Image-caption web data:
+ + + +

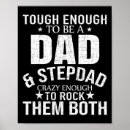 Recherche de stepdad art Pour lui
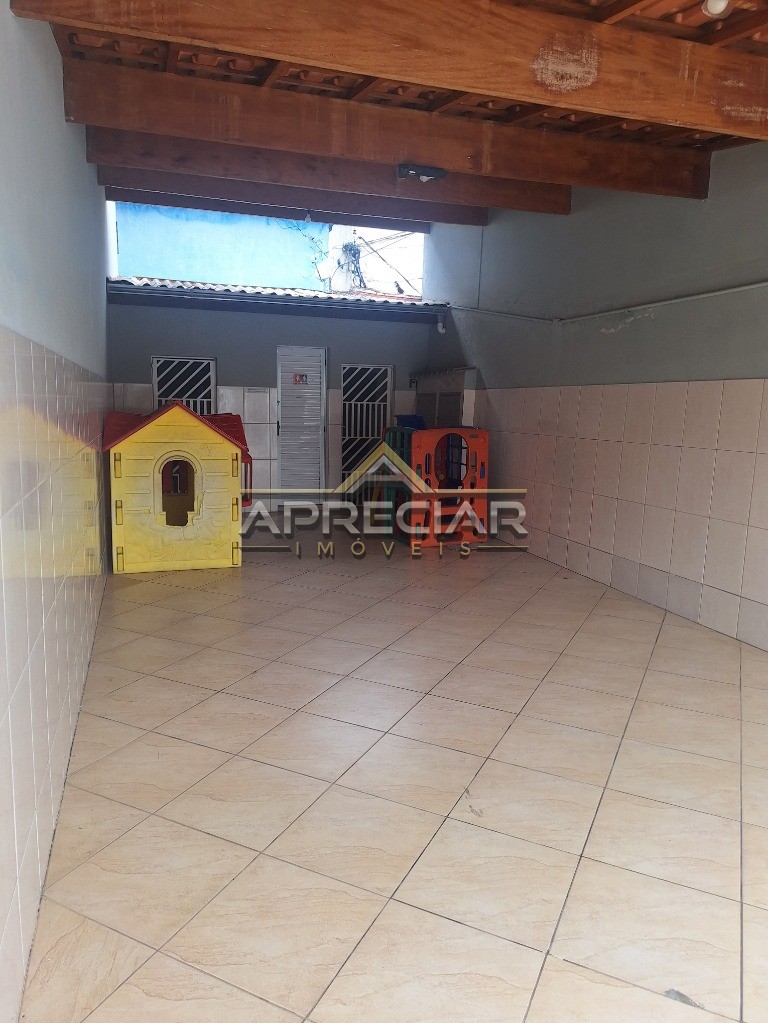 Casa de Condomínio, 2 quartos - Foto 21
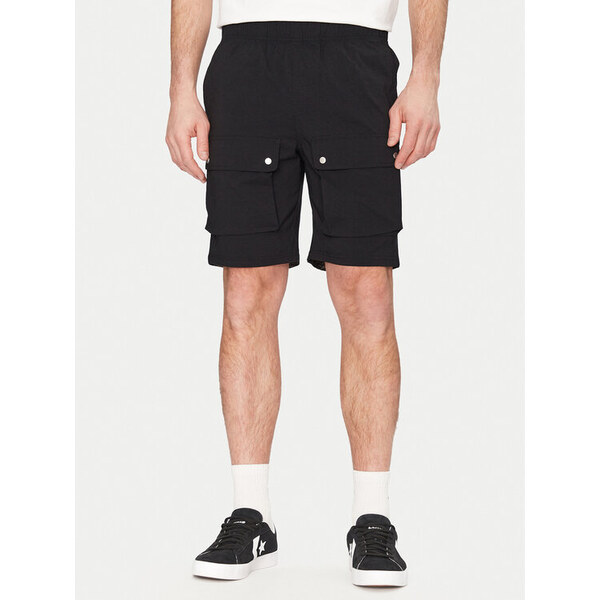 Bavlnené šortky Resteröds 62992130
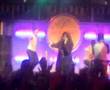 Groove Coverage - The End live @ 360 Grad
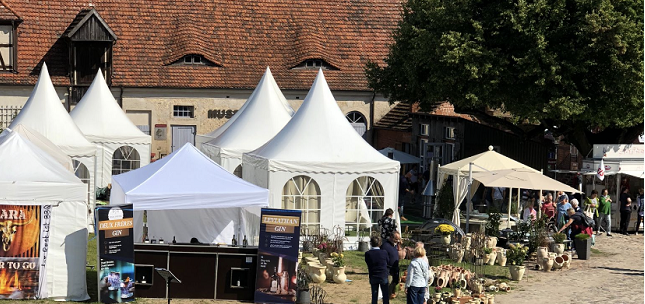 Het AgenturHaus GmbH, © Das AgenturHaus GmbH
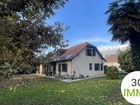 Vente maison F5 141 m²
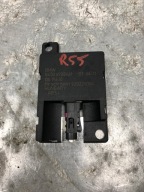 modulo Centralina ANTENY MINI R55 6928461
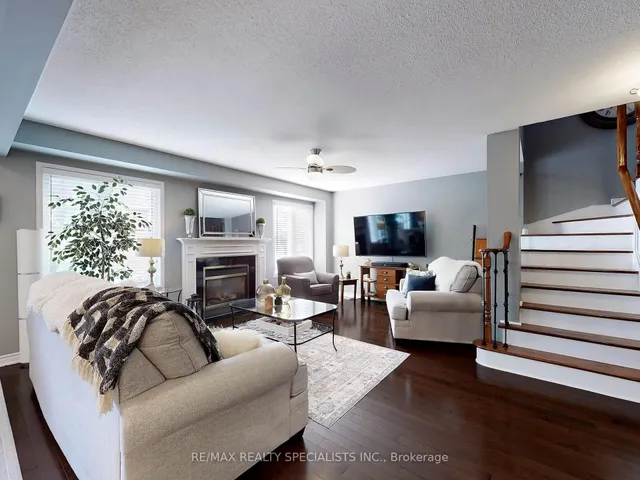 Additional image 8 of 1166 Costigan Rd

+ + + +

** EXERCISE DETAILS **
Copy every entry exactly; drop the pictures.

** ANSWER BELOW **
 Recherche de stepdad art Pour lui
 Casa de Condomínio, 2 quartos - Foto 21
 Bavlnené šortky Resteröds 62992130
 Groove Coverage - The End live @ 360 Grad
 Het AgenturHaus GmbH, © Das AgenturHaus GmbH
 Vente maison F5 141 m²
 modulo Centralina ANTENY MINI R55 6928461
 Additional image 8 of 1166 Costigan Rd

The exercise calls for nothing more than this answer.